A majority of MEPs in the conservative-dominated chamber worried that requiring approval by the Council before warnings could be issued to a country would lead to back-room deals in which countries needing to reform their budgetary policies would be let off the hook.

In the end, a country warning will be issued if a vote in the Council is not taken within 10 days of a commission notice. If the Council decides to overturn the commission’s decision, they will now have to appear before the European Parliament and defend their rejection in public.

The chamber also won the right to request the presence of finance ministers from countries that have received a warning to a dressing down in the parliament.

The vote in the full sitting of the chamber however was close, as parties on the left voted against or abstained on some aspects of the package, believing there to be insufficient balance between market requirements and social needs.

The left however did win a victory via the parliament’s insistence that the commission consider not merely countries with high trade deficits, but also those running current-account surpluses.

Germany and the Netherlands have crowed that such imbalances result from their successful economic management and should not need investigation. However, some economists argue that the core of Europe has engaged in mercantilist policies that are the flip-side of heavy debts in the eurozone periphery and are every bit as dangerous.

The president of the parliament, conservative Polish MEP Jerzy Buzek cheered the result, declaring: "We have developed a powerful and resistant armour against any future crisis,"

Liberal MEP Sylvie Goulard, one of the deputies to shepherd the legislation through the house, said that the bloc needed to go further still in terms of economic integration.

“This is not the end of the story.  We will need to take further steps. But we have built a new system with this package today which will allow the EU institutions to work better together and will increase transparency,” she said.

The Socialists spokesman for economic affairs, Udo Bullmann, said that the vote today would have “drastic consequences” for European citizens.

“We think there exists another path out of the crisis. The reform is an austerity pact ... that leaves no margin of manoeuvre for EU states for intelligent spending and targeted investment.”

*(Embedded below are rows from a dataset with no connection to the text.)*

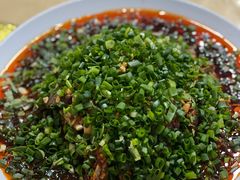 -春涛餐馆(下坝店)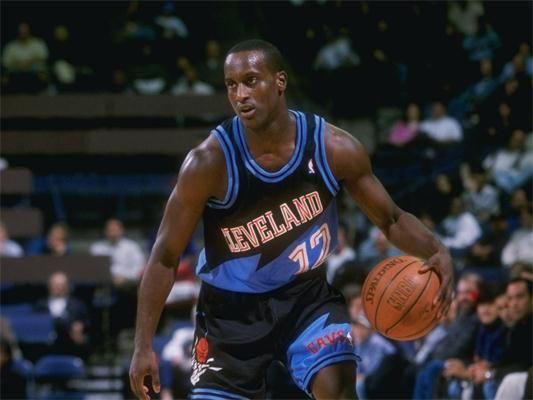 拖慢对手 拖慢对手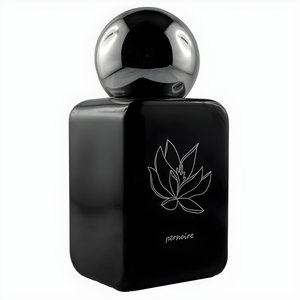 Naki by Pernoire perfume bottle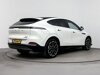 Xpeng G6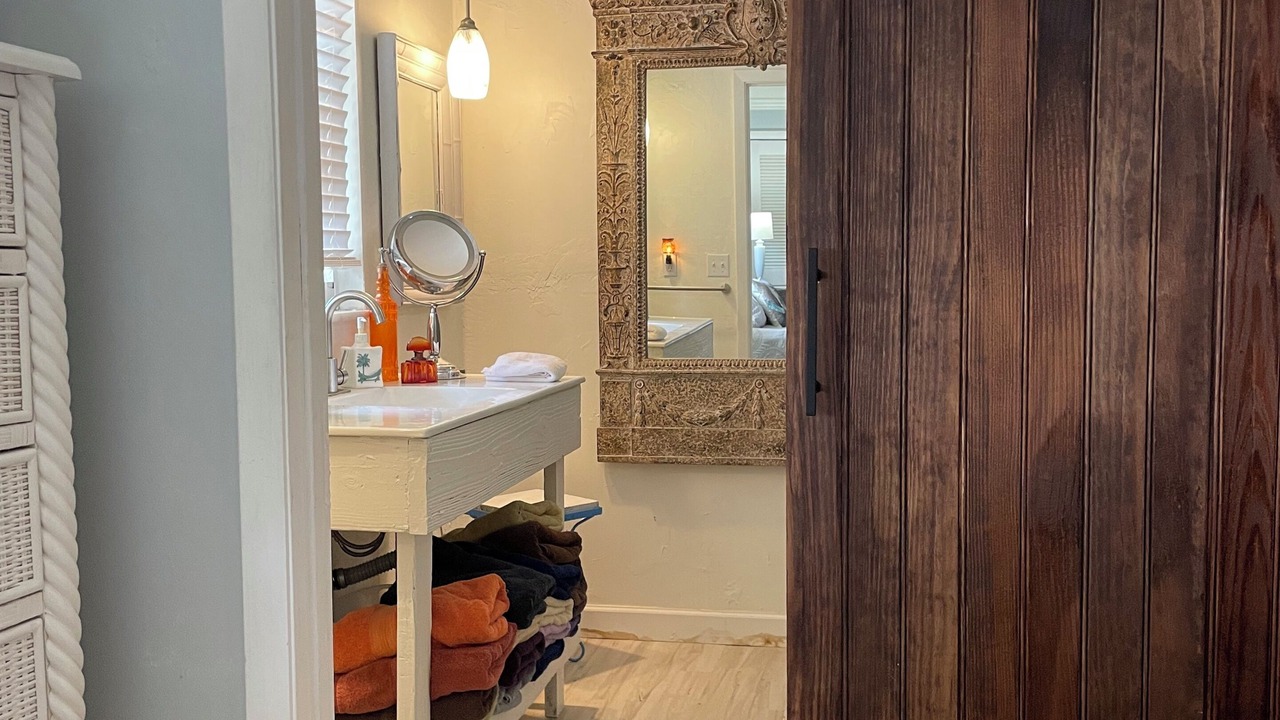 Photo of Bathroom in Nokomis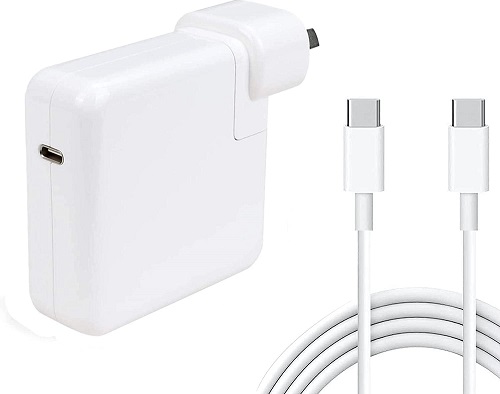 Which Charger Do I Need For My MacBook Air?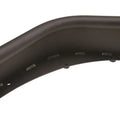 OMIX-ADA auto part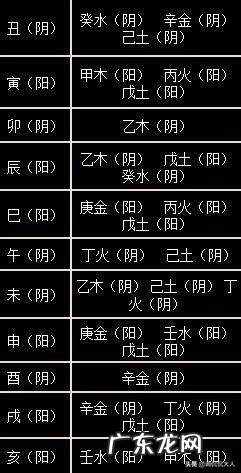 纯阳全文免费阅读 纯阳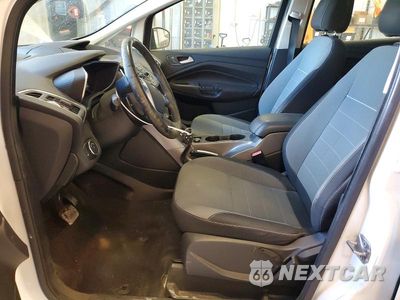 Zdjęcie 7 z 12 samochodu: 2013 FORD C-MAX SE VIN:1FADP5AU0DL524478 - miniatura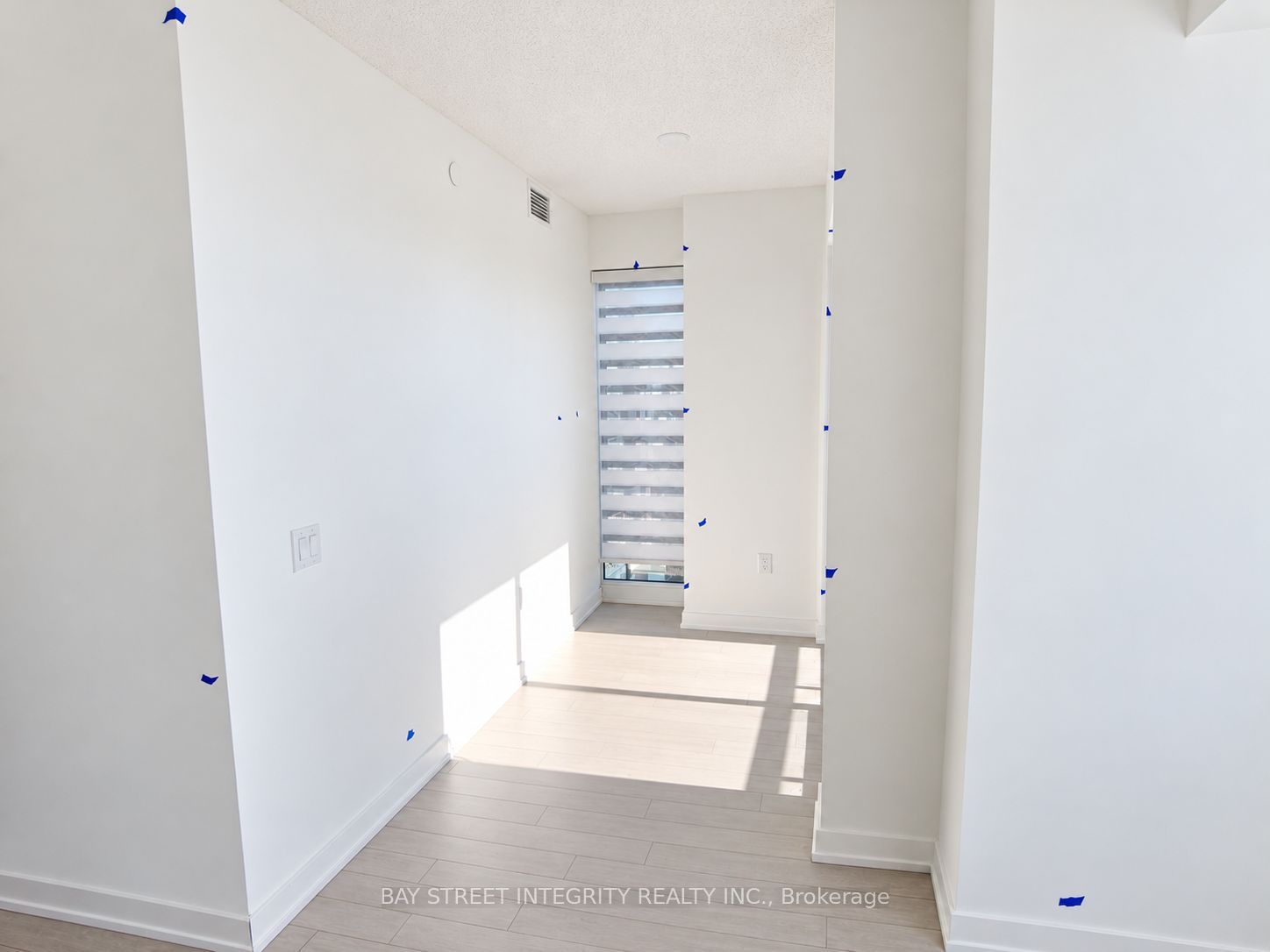 4010 Eglinton Avenue W 1108 Property Photo 9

Some 78 civil society organisations including anti-poverty NGOs and trade unions issued an open letter on Wednesday denouncing the moves as anti-democratic.

“The proposals will enable EU institutions to make decisions on member states' budgets, economic policy priorities as well as on labour and social rights with little democratic debate, or accountability,” the signatories, including France’s CGT union, UK-based Tax Justice Network and Attac Denmark, to the letter said.